Like many living and working on Thursday Island, Deidree Whap’s story about how she joined QAS 26 years ago is unique.

‘I live next door to the ambulance station and I always watched what they were doing, until one day the superintendent asked me if I wanted to come over and have a look,’ Deidree said.

‘I followed up with the honorary service – they usually have a group of community members come into the station and they get to have a look around the station – and if the superintendent ever needed help, they’d call up and that’s how I started.’

After working as an honorary, Deidree then became a cadet and was eventually admitted into the Indigenous programme with her aunt in 1989.

‘The work has definitely changed a lot since then, which has been good I think,’ she said.

‘We used to drive in an old Toyota as an ambulance and then a Mitsubishi van, and it used to be so cramped.

‘Also, the stretchers were really hard back then and you needed two people to lift it.

‘Back then it was really meant to be a two-person job, whereas now, even with stretchers, you can operate as one person.’
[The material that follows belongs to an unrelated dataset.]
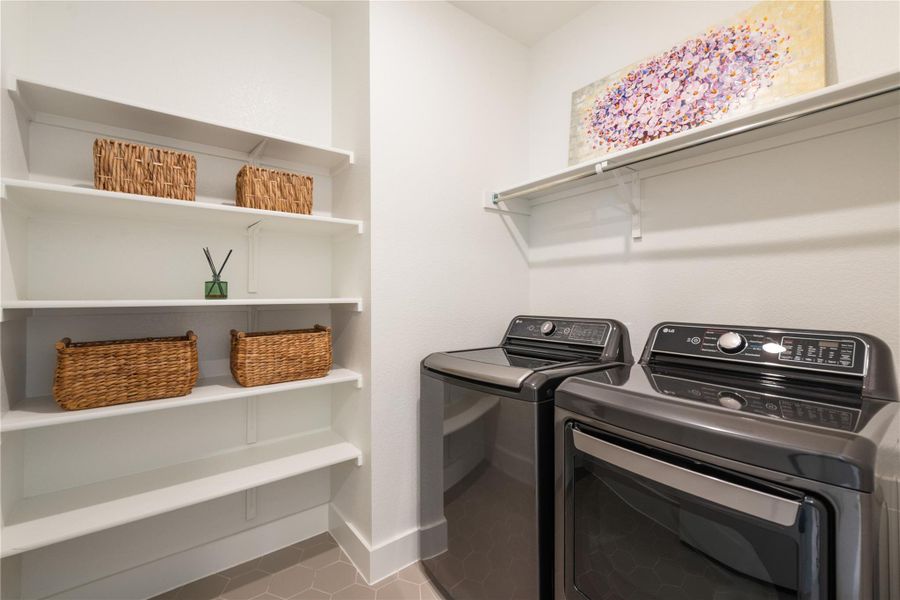 Spacious laundry room features ample shelving for organization. Waher/dryer convey. Spacious laundry room features ample shelving for organization. Waher/dryer convey.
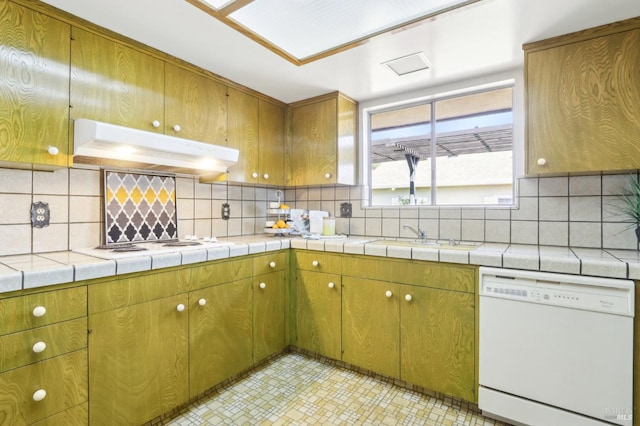kitchen featuring a sink, tasteful backsplash, under cabinet range hood, and white appliances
Being self-sufficient on the road is certainly an important part of being an ambulance officer on Thursday Island, but, like OIC David Cameron, Deidree is aware of the strong sense of community.
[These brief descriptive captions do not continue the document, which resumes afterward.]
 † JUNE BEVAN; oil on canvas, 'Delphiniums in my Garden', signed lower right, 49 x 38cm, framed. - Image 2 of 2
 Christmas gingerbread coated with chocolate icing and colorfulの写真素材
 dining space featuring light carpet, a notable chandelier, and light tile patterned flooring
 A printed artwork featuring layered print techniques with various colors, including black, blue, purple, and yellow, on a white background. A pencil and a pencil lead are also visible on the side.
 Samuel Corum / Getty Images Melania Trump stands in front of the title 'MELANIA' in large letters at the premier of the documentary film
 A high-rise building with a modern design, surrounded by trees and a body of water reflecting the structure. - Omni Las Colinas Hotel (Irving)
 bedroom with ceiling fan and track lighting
‘On the mainland, for example, you’d have to ring for a mechanic to come and change a tyre, but here on Thursday Island you have to do it yourself,’ she said.
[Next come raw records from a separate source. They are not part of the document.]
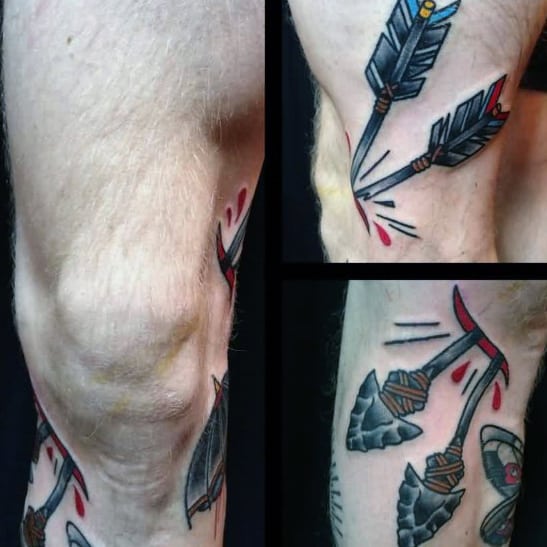Male With Knee Cap Traditional Arrow Through Skin Tattoo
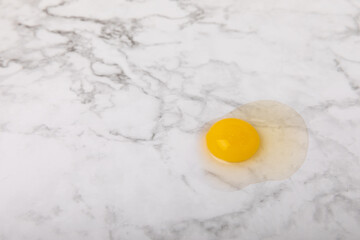 Broken quail egg on the surface. Quail eggs on a white marble background. Natural products. Place for text. fresh eggs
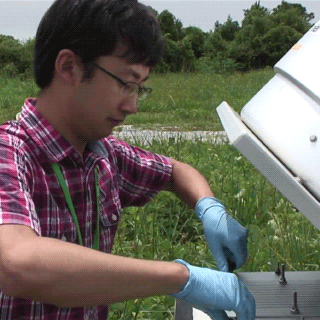 School of Earth and Atmospheric Sciences graduate student Hongyu Guo measures how atmospheric particles are interacting with sunlight.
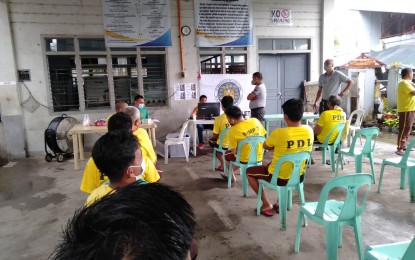 <p><strong>SPECIAL REGISTRATION.</strong> Persons deprived of liberty at the Bureau of Jail Management and Penology facility in Dumaguete City sign up for the May 2023 barangay and SK polls. The Commission on Elections in the city noted a low turnout in voters' registration in recent weeks. <em>(Photo courtesy of Comelec-Dumaguete)</em></p>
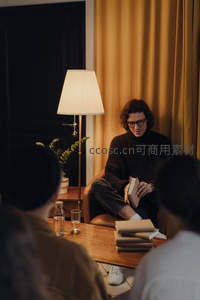 暖光阅读角：卷发男子手捧书本，落地灯映照沉静思考时光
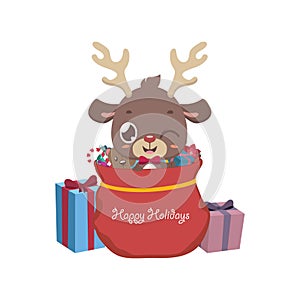 Cute reindeer in Christmas goodie bag photo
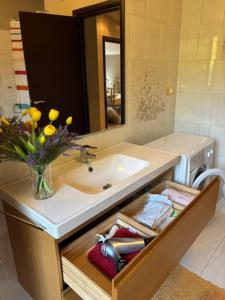 a bathroom with a sink and a vase of flowers at A casa di Lea2 in Gioia dei Marsi +6 photos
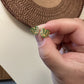 Hand holding a pair of green leaf-shaped earrings with gold accents against a woven mat background.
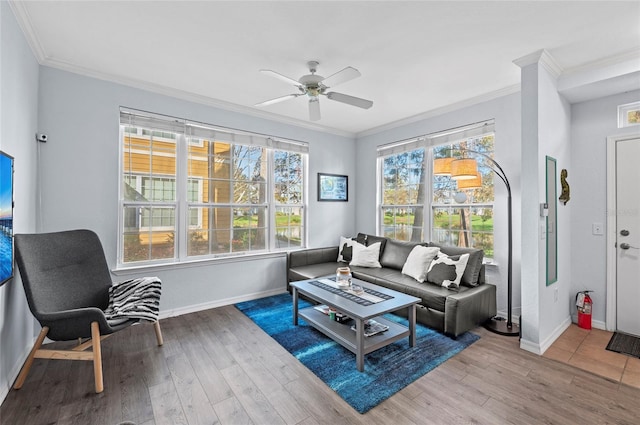 living room with ceiling fan, a wealth of natural light, and light hardwood / wood-style flooring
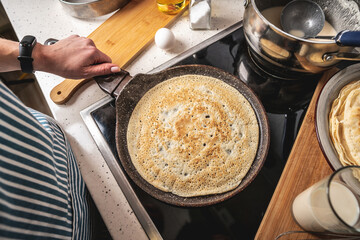 Woman is standing at the stove and frying pancakes in a pan. Concept of the process of making a tasty breakfast at home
‘But even when I have gotten a flat, I had people from the community assisting, saying ‘No, Deidree, you can’t do it yourself.’ And I said ‘No, we’re trained to do it ourselves.’’

Likewise, Deidree feels an important connection to Thursday Island.

‘I’ve been to Cairns, I’ve worked in Cairns, but that’s only been if they want relief. Or we go down there to do some training. I mean, I’ve got options but when they started to recruit Indigenous people into the workforce they wanted people to work in their own community and that’s what I’m doing,’ she said.

‘I’ve also worked in Weipa and Bamaga, but I think my heart is here and I need to give back to the community.

‘Just last year, when I got my 25 years, I counted and I’ve worked under one superintendent and 25 OICs.

‘It’s been an interesting journey – QAS has made me the person I am today.’